REQUIRED ACTION
Find the line in the data below that contains "a field of grass". Return that line and all the lines after it, unchanged.

EXTRACTED MATERIAL
..........

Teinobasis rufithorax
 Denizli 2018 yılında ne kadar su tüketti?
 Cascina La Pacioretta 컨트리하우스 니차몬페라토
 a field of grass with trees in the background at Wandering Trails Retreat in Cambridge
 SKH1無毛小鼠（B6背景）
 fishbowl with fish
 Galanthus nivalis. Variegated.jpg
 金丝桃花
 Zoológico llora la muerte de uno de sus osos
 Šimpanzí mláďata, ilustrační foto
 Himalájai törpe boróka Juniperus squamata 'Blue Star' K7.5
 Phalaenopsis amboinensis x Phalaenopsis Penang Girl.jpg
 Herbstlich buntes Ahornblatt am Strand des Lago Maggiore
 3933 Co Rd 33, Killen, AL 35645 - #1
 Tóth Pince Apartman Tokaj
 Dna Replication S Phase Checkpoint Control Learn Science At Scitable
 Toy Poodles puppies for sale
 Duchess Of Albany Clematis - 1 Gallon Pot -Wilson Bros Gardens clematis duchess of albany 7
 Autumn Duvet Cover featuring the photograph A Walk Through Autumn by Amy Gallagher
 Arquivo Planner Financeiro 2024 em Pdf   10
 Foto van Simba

..........

OUTPUT BELOW
 a field of grass with trees in the background at Wandering Trails Retreat in Cambridge
 SKH1無毛小鼠（B6背景）
 fishbowl with fish
 Galanthus nivalis. Variegated.jpg
 金丝桃花
 Zoológico llora la muerte de uno de sus osos
 Šimpanzí mláďata, ilustrační foto
 Himalájai törpe boróka Juniperus squamata 'Blue Star' K7.5
 Phalaenopsis amboinensis x Phalaenopsis Penang Girl.jpg
 Herbstlich buntes Ahornblatt am Strand des Lago Maggiore
 3933 Co Rd 33, Killen, AL 35645 - #1
 Tóth Pince Apartman Tokaj
 Dna Replication S Phase Checkpoint Control Learn Science At Scitable
 Toy Poodles puppies for sale
 Duchess Of Albany Clematis - 1 Gallon Pot -Wilson Bros Gardens clematis duchess of albany 7
 Autumn Duvet Cover featuring the photograph A Walk Through Autumn by Amy Gallagher
 Arquivo Planner Financeiro 2024 em Pdf   10
 Foto van Simba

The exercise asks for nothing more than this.